### Your instructions:
Copy out the data exactly, leaving the pictures behind.

### Data section:

=== Section Start ===

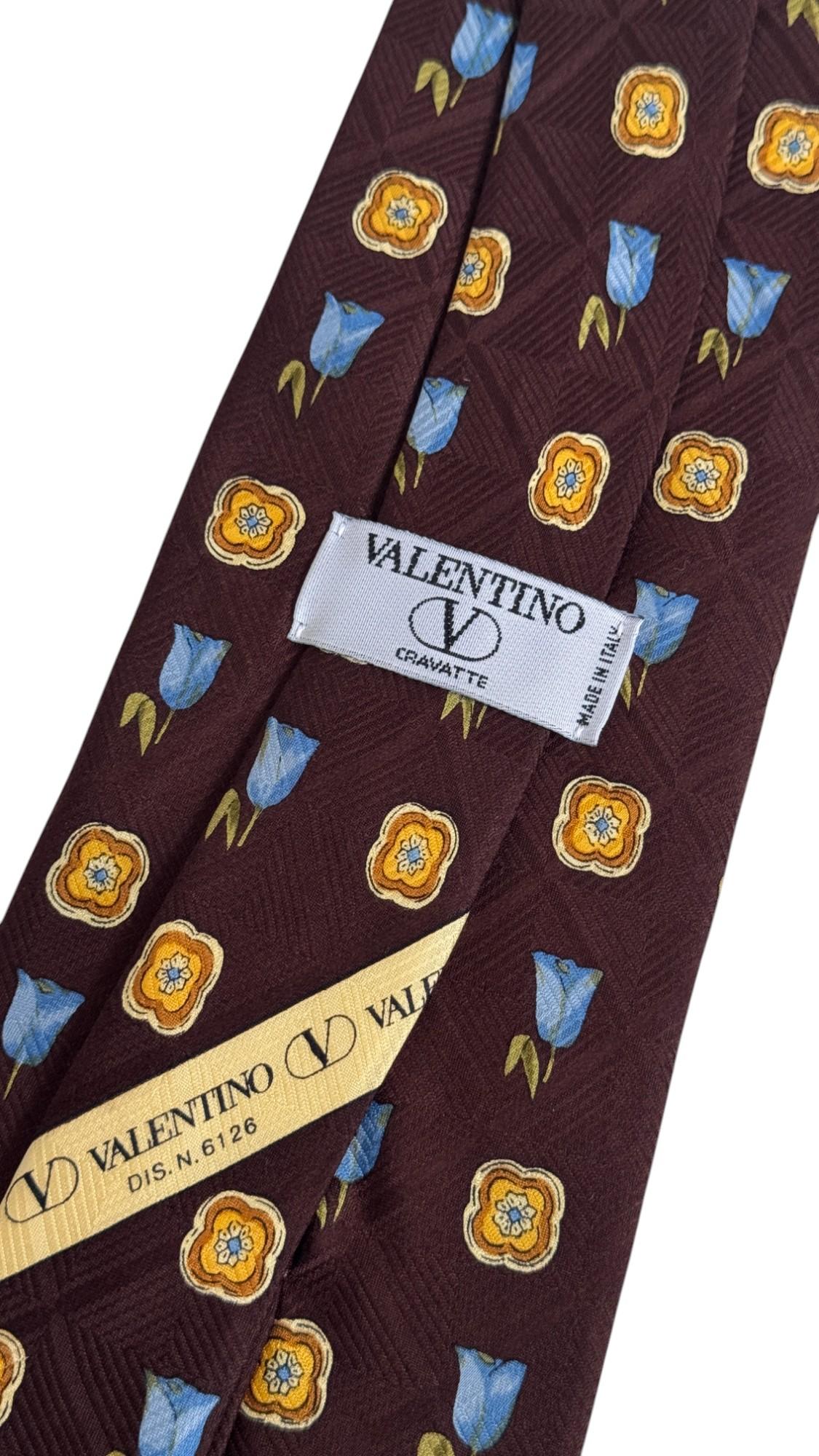 Valentino Vintage Tie - Soie bourguignonne avec motif floral bleu et jaune Bon état - En vente à Milano, IT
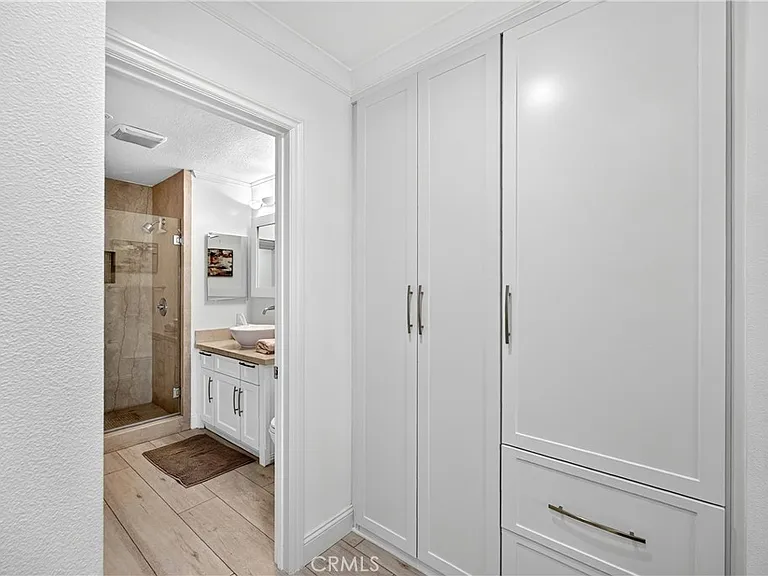 950 Cagney Ln #207 — Photo 21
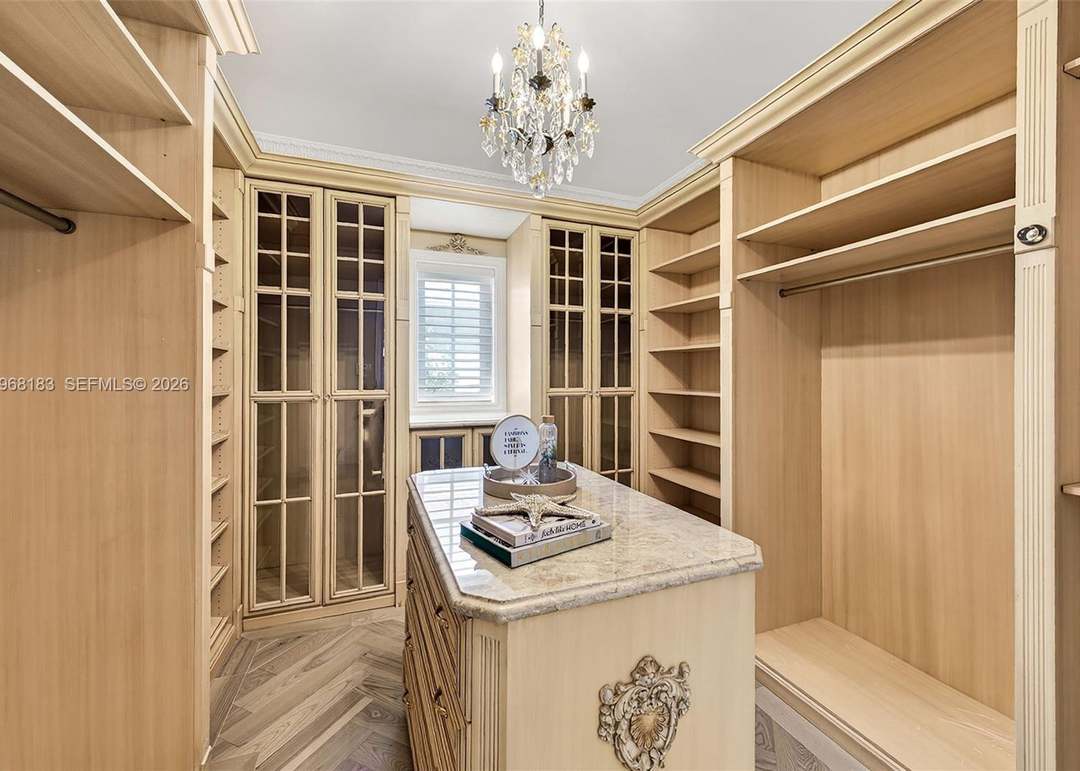 628 Coral Way
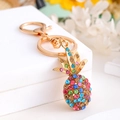 Dettaglio macro del portachiavi a forma di ananas con strass colorati e gancio dorato - Colorato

=== Section End ===

### Result:
 Valentino Vintage Tie - Soie bourguignonne avec motif floral bleu et jaune Bon état - En vente à Milano, IT
 950 Cagney Ln #207 — Photo 21
 628 Coral Way
 Dettaglio macro del portachiavi a forma di ananas con strass colorati e gancio dorato - Colorato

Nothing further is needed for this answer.